Summary:
    Fish-eye view multispectral sensor looking up at an altocumulus cloud field from the ground.

Included files:
    AC_lookup_RAD.bsq		MCScene radiance cube for no-clouds case
    AC_lookup_RAD.bsq.hdr	header file for above
    AC_lookup.bsq.OD		pixel LOS optical depth cube for clouds-present case
    AC_lookup.bsq.OD.hdr	header file for above
    Boreas5_avg.SRC_txt		average ground reflectance as a function of wavelength (nm)
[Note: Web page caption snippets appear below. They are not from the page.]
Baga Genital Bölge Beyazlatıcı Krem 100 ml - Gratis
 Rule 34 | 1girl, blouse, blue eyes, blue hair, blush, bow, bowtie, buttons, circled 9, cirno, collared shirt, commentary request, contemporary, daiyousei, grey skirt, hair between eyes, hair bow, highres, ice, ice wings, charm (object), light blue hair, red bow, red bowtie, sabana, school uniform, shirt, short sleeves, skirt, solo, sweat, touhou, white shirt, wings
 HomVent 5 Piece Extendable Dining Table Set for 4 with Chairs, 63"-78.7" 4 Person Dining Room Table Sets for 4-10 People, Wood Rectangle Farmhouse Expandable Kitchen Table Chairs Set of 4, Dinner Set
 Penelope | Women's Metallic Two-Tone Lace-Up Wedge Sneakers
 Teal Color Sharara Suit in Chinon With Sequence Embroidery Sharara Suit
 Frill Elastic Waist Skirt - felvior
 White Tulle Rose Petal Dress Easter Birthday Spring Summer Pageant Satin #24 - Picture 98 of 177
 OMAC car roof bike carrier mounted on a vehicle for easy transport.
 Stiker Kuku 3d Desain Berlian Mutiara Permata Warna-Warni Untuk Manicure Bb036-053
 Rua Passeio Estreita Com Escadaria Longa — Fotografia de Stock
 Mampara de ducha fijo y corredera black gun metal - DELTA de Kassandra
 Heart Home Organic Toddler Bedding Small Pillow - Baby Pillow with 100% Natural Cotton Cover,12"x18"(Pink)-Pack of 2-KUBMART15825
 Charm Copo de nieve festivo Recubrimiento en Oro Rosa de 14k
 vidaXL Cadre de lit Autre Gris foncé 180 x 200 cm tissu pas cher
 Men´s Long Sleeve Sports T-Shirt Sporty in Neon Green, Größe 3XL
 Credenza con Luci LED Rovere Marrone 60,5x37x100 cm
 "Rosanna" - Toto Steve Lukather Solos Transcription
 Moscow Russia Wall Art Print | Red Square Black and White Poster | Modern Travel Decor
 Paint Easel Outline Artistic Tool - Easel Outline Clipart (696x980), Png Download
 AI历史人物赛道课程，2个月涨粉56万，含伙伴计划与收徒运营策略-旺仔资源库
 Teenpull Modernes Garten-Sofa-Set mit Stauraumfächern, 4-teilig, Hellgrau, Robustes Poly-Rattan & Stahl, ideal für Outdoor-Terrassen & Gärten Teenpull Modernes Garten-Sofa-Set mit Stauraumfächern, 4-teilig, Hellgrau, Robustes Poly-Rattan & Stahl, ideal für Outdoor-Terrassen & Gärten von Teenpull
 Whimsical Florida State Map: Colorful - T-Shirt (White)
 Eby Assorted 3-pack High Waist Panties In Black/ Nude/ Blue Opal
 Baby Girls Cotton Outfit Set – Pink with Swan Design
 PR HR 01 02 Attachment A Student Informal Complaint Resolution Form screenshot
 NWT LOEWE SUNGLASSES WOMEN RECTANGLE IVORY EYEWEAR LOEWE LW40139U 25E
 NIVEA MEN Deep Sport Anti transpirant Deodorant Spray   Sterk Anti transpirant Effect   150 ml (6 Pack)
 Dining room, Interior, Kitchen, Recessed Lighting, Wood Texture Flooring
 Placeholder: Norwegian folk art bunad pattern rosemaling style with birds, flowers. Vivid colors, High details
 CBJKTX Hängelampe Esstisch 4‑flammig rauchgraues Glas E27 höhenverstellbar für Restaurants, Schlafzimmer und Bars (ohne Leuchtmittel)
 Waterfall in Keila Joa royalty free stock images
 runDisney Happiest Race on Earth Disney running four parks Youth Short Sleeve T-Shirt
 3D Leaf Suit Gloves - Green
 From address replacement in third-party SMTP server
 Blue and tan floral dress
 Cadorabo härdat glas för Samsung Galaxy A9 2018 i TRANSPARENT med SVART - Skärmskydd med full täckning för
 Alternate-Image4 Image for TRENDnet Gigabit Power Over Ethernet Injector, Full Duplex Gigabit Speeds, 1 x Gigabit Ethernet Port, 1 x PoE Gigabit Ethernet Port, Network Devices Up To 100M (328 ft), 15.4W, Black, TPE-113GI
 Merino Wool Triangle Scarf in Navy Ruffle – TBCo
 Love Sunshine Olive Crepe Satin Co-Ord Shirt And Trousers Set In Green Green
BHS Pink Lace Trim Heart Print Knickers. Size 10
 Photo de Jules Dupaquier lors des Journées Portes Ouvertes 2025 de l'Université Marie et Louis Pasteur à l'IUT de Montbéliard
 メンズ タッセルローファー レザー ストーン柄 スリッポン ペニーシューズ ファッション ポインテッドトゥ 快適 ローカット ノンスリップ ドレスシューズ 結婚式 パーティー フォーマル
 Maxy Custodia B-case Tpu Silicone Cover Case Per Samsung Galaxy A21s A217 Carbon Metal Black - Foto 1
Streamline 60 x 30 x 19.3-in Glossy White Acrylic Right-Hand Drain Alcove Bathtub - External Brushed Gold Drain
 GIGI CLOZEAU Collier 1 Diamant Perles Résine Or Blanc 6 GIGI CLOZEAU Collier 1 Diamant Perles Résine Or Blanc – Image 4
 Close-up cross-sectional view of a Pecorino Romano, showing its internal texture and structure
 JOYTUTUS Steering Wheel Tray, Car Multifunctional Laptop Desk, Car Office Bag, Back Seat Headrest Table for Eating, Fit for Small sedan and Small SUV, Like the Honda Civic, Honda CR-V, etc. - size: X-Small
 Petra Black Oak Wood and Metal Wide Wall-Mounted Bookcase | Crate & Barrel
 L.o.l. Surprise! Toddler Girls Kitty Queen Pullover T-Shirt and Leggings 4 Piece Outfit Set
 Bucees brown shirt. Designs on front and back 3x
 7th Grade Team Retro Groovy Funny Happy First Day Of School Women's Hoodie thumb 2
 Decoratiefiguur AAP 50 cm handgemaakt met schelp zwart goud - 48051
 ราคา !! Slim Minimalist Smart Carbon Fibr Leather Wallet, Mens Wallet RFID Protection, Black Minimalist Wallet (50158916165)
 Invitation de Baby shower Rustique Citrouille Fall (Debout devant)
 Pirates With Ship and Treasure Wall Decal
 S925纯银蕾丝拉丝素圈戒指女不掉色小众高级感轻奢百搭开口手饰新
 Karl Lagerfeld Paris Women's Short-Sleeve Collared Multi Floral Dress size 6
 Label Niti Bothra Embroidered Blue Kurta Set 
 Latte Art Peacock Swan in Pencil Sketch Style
    readme_AC_lookup.txt	this file
    
Scenario:
    Source reflectance data = AVIRIS data of Boreas, Saskatchewan, CAN, atmosphere removed with FLAASH, spectrally resampled to 5 custom bands
    nBands = 5
    first sensor band (chan, lambda, FWHM)=    1   440.    30. nm
    last sensor band (chan, lambda, FWHM)=    5  1020.    30. nm
    nxPixels = 511
    nyPixels = 511
    pixel LOS angles calculated from evenly spaced x & y direction cosines, dz2 = 1-dx2+dy2
    sensor view = fisheye up-looking
    SensorAlt (m) = 100.     
    SolarZenith (deg) = 5.     
    SolarAzimuth (deg) = 45.     
    DEM used = none, uniform 100 m elevation
    atmosphere model = MODTRAN mid-latitude winter
    aerosol model = MODTRAN rural
    sea level visibility at 550 nm = 23 km
    clouds = altocumulus cloud field generated by CSSM
    cloud fractional coverage = 50 %
    cloud scattering properties = MODTRAN cumulus
    cloud base altitude = 4 km
    max cloud thickness = 0.6 km
    max cloud OD at 550 nm = 5

Notes on pixel coordinates:
    The sensor LOS's are evenly spaced in dx and dy, the direction cosines in the x & y directions, and run from horizon to horizon. The LOS direction is specified as a unit vector, and so dz=sqrt(1-dx2+dy2). There are 511 x 511 pixels, and so dx and dy span the range -1 to 1 in steps of 1/255. For example, pixel(256, 256) lies in the center of the image where dx=dy=0 and dz=1. Pixel(511, 256) lies at right-center of the image where dx=1 and dy=dz=0.